In respect of what might constitute a “reasonable excuse” I am reminded of the findings of the Land Appeal Court in Director-General, Department of Transport v. Congress Community Development and Education Unit Limited (A97-09) 25 June 1998, unreported. In that matter a solicitor entrusted with the responsibility of lodging an appeal on behalf of a claimant in a compensation matter, failed to meet the statutory time limits within which to lodge the appeal.

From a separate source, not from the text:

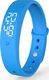 Smartwatch GepardWatches Smartband Termometr Alarm Wibracje Wodoodporny GWB002 Zielony 10
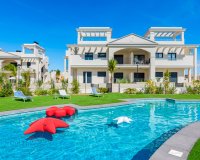 New Build - Apartment - Ciudad Quesada - Rojales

The Land Appeal Court found it unnecessary to consider whether the applicant was necessarily fixed with his agent’s conduct to the extent that the agent’s conduct is in all respects to be treated as that of the applicant, noting only that in circumstances such as existing in that case, there was persuasive authority which supports a more flexible approach.
However while the Land Appeal Court allowed the application to appeal out of time, in the specific evidence of that matter, the Court was very critical of the actions of the applicant’s legal advisers for allowing such an environment that the solicitor involved was forced to the state of work-related exhaustion. The Land Appeal Court awarded costs associated with the application to be paid by the applicants to the respondent in that matter.
In the current matter the leniency allowed in Congress Community can be distinguished in as much as there is no second party representative acting for the appellant, who at all times had the carriage of the appeal within her direct control. It is acknowledged that the appellant has suffered a long and stressful environment during the appeal process. However while the appellant in her statement also provides some insight into her personality make-up and her propensity to procrastinate a decision until the last moment, that also does not excuse failure to meet the requirements of the Legislation.
Conclusion:
On the evidence before me I find that the appellant has not satisfied the mandatory requirements of the Legislation. This Court is a body of statutory powers, and as such can only exercise such powers in accordance with the directions of the Legislation. There is no discretion to assume powers beyond those limits. I therefore find I have no jurisdiction to proceed with the appeal on its merits. The appeal is struck out for want of jurisdiction.